▸ **Exercise prompt**:
Start at the line below containing "NAPAPIJRI Mens Geographic" and stop at the line containing "Personalisiertes Truck Garage". Repeat every line of that stretch exactly, and nothing outside it.

▸ **Task material**:
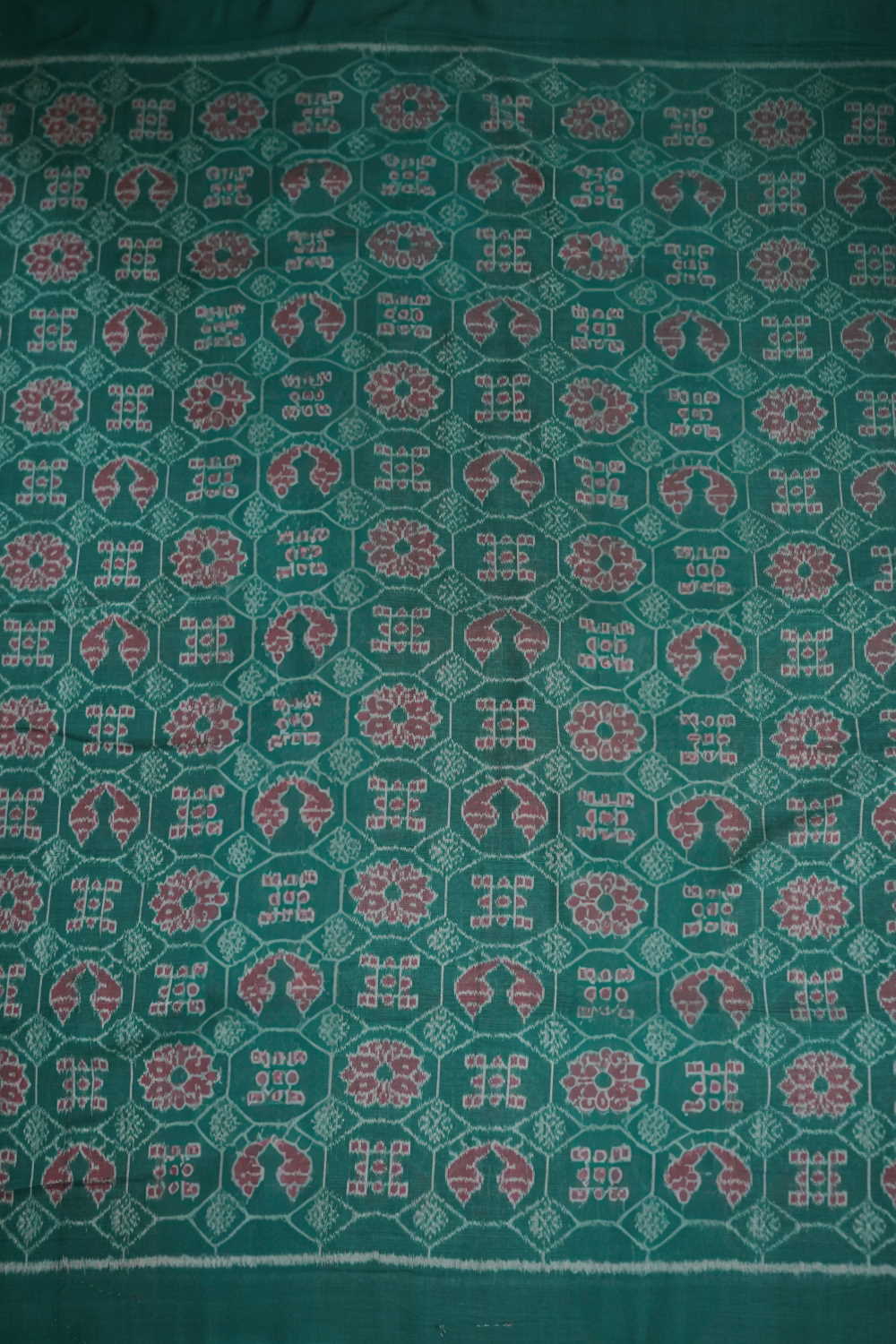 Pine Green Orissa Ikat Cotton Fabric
* * *
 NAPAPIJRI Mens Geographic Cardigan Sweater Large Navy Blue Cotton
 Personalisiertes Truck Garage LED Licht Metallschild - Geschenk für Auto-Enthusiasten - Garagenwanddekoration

▸ **Answer box**:
 NAPAPIJRI Mens Geographic Cardigan Sweater Large Navy Blue Cotton
 Personalisiertes Truck Garage LED Licht Metallschild - Geschenk für Auto-Enthusiasten - Garagenwanddekoration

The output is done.